**Study material:**

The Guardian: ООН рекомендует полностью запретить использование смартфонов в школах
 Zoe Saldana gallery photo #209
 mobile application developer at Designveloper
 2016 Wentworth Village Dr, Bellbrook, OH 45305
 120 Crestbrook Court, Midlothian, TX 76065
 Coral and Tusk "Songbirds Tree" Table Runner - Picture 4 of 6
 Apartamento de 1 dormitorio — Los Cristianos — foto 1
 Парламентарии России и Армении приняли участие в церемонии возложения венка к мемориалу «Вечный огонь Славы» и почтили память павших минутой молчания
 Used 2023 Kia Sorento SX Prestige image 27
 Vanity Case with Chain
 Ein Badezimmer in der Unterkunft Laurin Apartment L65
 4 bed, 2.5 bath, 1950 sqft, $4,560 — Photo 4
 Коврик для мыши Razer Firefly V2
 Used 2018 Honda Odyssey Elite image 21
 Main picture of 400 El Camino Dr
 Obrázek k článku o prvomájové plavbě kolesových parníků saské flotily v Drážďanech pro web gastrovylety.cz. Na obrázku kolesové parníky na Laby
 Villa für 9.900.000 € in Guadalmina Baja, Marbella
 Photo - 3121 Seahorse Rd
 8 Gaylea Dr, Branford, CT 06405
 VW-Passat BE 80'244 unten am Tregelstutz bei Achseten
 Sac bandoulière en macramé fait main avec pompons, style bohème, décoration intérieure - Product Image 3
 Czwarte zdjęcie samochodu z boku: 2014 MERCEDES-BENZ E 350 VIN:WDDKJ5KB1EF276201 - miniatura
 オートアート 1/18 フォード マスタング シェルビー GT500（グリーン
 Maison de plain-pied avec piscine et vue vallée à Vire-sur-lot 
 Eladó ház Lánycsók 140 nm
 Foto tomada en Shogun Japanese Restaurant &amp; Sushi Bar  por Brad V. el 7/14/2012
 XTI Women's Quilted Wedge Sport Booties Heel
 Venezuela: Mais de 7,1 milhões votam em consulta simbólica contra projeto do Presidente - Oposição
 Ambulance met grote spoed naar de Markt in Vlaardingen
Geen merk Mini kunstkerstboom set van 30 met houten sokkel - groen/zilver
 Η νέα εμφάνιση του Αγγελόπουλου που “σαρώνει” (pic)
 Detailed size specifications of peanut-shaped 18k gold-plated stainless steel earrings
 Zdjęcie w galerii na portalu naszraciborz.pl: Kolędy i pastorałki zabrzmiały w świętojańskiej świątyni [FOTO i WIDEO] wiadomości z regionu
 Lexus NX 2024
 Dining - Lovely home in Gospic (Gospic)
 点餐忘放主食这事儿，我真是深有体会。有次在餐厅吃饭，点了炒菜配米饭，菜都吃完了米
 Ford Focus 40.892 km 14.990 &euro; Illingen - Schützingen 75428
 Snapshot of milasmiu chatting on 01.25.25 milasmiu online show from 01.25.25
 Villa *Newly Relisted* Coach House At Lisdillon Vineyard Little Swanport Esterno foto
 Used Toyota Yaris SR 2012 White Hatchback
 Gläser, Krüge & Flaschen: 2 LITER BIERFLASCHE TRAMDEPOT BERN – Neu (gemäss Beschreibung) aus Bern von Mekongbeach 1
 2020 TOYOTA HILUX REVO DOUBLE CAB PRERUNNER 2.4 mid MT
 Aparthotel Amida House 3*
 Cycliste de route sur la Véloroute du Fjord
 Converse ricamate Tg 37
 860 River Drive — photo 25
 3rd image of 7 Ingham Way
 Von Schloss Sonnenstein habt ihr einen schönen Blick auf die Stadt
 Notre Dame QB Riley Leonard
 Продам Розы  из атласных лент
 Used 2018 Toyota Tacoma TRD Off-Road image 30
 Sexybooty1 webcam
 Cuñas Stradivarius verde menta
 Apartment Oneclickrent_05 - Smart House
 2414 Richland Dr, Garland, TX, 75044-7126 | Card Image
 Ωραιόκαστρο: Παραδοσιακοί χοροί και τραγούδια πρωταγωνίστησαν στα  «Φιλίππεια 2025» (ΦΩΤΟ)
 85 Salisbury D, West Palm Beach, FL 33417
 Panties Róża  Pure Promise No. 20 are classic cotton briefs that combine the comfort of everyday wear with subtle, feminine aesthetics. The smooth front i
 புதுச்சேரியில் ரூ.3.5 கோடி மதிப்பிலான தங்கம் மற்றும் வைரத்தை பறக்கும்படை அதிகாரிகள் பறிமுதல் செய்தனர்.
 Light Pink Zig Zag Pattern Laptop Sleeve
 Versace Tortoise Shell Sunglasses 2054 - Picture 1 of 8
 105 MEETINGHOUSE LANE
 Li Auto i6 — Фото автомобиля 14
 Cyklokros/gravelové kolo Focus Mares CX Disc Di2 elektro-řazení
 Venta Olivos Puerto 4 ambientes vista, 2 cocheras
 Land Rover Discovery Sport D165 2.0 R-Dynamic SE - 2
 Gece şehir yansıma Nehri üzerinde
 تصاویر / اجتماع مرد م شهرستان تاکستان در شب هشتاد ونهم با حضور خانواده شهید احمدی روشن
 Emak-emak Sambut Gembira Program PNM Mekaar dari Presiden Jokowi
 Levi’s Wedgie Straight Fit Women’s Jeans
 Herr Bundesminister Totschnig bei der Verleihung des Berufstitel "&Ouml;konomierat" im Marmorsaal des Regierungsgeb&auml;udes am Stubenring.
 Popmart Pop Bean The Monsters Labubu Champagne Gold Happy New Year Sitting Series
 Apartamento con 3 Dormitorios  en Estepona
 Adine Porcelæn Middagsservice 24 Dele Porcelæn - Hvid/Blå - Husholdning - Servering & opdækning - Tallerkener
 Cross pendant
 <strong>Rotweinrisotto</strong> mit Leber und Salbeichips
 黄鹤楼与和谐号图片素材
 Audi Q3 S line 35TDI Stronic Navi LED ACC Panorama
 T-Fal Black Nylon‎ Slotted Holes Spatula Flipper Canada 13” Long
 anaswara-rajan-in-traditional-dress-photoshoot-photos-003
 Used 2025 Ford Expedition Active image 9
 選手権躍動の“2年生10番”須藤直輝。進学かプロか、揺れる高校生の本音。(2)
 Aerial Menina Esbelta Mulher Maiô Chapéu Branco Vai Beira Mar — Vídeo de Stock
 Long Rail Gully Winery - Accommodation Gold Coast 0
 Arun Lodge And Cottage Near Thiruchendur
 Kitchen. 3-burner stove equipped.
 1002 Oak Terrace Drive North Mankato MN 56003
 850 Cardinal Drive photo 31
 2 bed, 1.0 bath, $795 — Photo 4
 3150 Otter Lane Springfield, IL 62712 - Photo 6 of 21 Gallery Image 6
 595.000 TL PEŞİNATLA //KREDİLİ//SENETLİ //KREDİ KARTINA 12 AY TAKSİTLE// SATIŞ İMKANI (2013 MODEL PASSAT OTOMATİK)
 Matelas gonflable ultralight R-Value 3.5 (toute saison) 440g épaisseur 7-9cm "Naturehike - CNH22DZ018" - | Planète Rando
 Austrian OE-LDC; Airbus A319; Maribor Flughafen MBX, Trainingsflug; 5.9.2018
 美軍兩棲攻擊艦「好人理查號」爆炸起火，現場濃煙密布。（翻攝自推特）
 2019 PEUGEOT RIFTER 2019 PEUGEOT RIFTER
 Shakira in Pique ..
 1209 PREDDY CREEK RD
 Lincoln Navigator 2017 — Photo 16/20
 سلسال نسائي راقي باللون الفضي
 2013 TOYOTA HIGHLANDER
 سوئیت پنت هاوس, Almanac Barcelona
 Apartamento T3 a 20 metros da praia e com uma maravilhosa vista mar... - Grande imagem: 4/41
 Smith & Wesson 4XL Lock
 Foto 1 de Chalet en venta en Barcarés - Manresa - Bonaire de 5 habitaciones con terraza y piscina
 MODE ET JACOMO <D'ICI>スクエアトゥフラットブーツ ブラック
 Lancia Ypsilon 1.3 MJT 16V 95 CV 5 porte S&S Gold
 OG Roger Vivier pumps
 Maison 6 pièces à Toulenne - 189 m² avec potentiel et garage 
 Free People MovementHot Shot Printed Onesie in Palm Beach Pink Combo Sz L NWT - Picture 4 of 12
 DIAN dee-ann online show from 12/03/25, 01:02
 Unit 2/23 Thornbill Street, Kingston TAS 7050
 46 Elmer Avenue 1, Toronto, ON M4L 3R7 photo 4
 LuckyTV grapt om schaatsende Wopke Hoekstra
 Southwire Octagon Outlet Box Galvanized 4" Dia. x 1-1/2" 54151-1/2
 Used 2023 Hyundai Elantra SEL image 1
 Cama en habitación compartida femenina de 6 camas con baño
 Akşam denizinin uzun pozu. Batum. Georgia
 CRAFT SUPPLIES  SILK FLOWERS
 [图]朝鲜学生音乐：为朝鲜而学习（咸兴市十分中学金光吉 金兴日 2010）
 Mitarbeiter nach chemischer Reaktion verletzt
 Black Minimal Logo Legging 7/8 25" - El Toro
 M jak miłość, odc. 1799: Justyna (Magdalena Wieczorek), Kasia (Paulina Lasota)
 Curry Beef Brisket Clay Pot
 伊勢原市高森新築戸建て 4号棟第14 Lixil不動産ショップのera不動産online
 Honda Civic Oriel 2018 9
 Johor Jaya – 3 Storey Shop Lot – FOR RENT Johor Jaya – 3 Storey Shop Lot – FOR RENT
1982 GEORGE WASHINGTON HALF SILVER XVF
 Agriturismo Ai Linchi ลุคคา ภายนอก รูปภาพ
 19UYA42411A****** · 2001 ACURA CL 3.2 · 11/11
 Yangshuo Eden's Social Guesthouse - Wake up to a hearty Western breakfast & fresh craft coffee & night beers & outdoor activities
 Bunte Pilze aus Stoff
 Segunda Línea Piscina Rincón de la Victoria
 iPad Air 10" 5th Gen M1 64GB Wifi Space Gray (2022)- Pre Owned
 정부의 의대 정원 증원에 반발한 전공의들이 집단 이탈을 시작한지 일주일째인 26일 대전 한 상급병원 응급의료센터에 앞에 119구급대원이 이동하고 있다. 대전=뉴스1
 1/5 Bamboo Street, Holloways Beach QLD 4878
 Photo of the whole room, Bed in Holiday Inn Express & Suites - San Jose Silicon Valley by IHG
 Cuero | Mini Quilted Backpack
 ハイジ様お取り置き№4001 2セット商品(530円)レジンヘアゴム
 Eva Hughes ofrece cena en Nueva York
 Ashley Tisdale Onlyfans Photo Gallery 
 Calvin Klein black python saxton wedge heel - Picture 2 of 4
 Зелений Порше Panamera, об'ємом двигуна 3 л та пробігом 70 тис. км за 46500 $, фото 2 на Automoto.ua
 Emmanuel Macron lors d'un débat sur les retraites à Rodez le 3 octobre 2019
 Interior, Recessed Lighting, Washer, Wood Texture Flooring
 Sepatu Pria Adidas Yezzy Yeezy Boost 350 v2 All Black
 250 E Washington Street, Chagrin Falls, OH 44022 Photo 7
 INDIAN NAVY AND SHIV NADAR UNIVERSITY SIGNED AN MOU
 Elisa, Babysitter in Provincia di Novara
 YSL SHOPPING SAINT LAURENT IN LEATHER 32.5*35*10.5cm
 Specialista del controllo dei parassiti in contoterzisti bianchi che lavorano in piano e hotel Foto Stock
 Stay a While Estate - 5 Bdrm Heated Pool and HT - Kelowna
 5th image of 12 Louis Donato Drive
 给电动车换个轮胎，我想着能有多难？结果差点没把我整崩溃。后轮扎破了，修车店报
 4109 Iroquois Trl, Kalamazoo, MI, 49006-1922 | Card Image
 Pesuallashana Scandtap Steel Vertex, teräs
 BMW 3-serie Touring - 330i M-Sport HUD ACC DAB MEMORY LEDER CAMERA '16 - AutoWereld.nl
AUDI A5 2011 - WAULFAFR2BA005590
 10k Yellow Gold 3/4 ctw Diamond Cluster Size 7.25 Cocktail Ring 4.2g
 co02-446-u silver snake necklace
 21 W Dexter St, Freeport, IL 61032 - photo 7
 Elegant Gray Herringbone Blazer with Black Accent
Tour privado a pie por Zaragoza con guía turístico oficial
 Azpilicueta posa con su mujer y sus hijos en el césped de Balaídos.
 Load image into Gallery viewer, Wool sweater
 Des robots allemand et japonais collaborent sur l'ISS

**Problem statement:** Within the material above, output exactly the lines from the one with "オートアート 1/18 フォード マスタング シェルビー GT500（グリーン" through the one with "Dining - Lovely home in Gospic (Gospic)", end lines included, and nothing besides.

**Result of the exercise:**
 オートアート 1/18 フォード マスタング シェルビー GT500（グリーン
 Maison de plain-pied avec piscine et vue vallée à Vire-sur-lot 
 Eladó ház Lánycsók 140 nm
 Foto tomada en Shogun Japanese Restaurant &amp; Sushi Bar  por Brad V. el 7/14/2012
 XTI Women's Quilted Wedge Sport Booties Heel
 Venezuela: Mais de 7,1 milhões votam em consulta simbólica contra projeto do Presidente - Oposição
 Ambulance met grote spoed naar de Markt in Vlaardingen
Geen merk Mini kunstkerstboom set van 30 met houten sokkel - groen/zilver
 Η νέα εμφάνιση του Αγγελόπουλου που “σαρώνει” (pic)
 Detailed size specifications of peanut-shaped 18k gold-plated stainless steel earrings
 Zdjęcie w galerii na portalu naszraciborz.pl: Kolędy i pastorałki zabrzmiały w świętojańskiej świątyni [FOTO i WIDEO] wiadomości z regionu
 Lexus NX 2024
 Dining - Lovely home in Gospic (Gospic)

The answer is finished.